**WHAT YOU HAVE TO DO:** Please give every record below again exactly, and keep the pictures out.

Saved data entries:

=-=-=

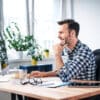 Successful freelancer working on computer while staying at home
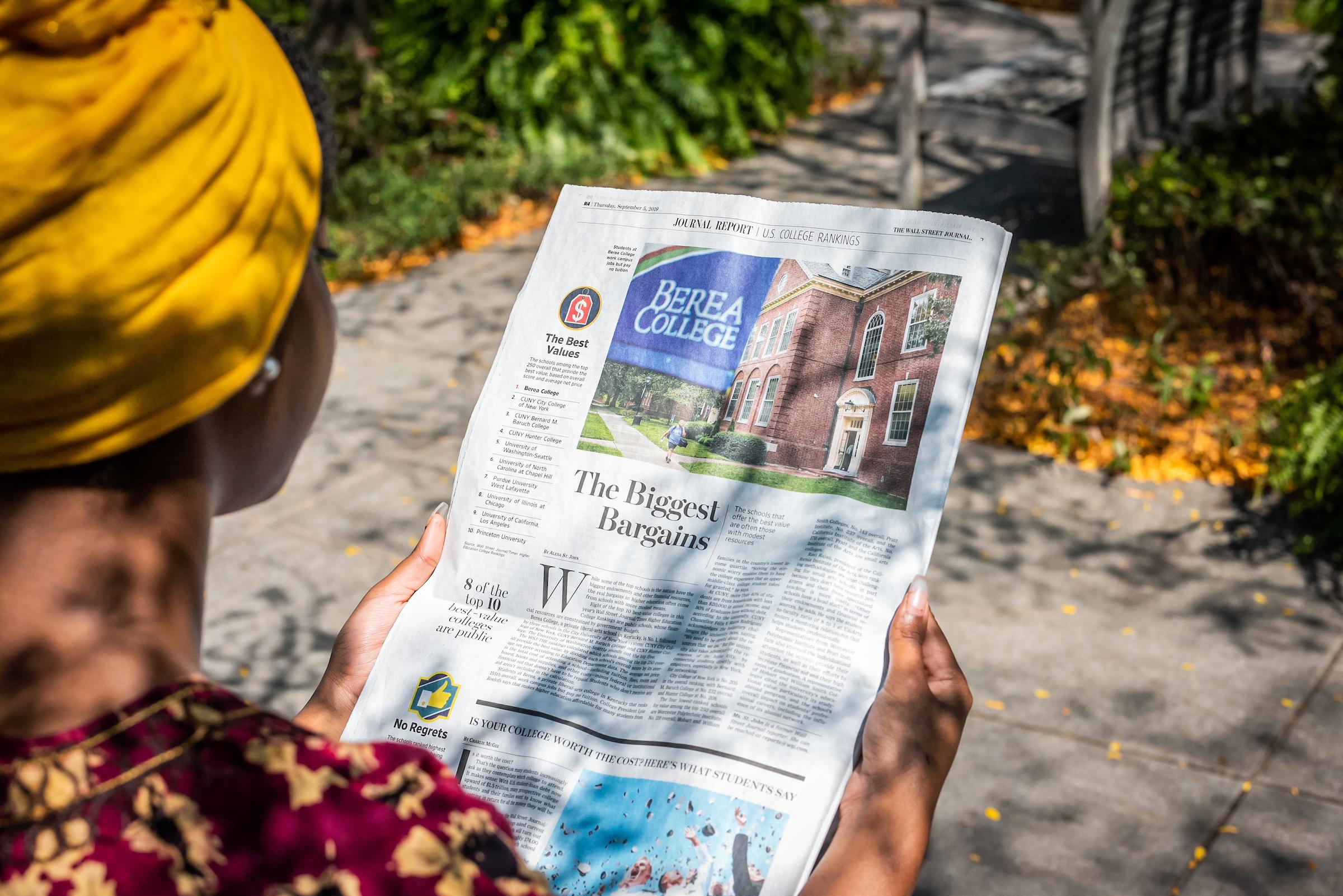 student reading newspaper featuring Berea College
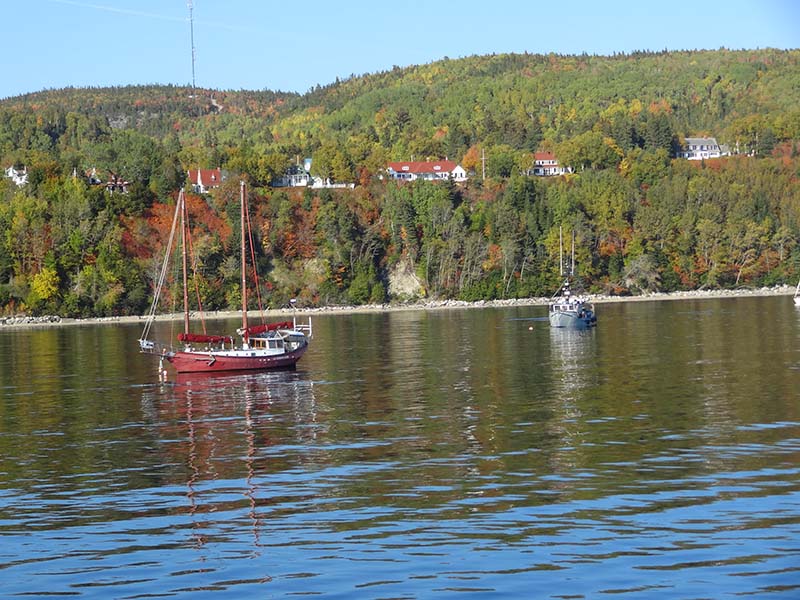 Red boat in Baie-Sainte-Catherine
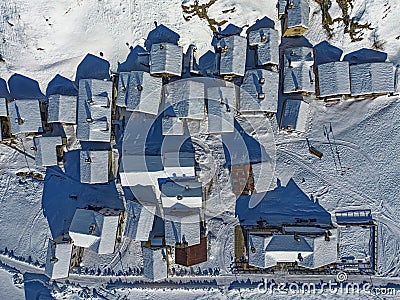 Snowy roofs in an alpine village Stock Photo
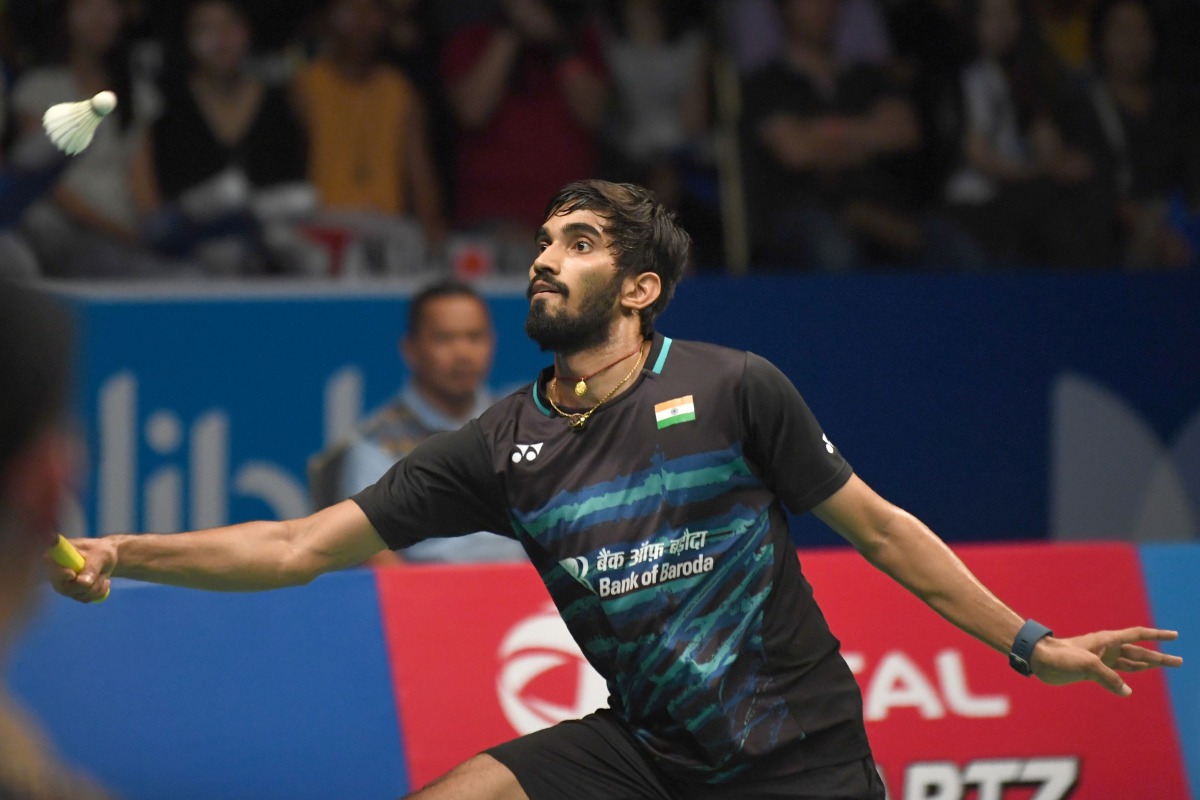 Srikanth Kidambi of India returns a shot against Kazumasa Sakai of Japan in the men's singles final of the Indonesia Open badminton tournament in Jakarta on June 18, 2017. (AFP / GOH Chai Hin)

=-=-=

**COMPLETED TASK:**
 Successful freelancer working on computer while staying at home
 student reading newspaper featuring Berea College
 Red boat in Baie-Sainte-Catherine
 Snowy roofs in an alpine village Stock Photo
 Srikanth Kidambi of India returns a shot against Kazumasa Sakai of Japan in the men's singles final of the Indonesia Open badminton tournament in Jakarta on June 18, 2017. (AFP / GOH Chai Hin)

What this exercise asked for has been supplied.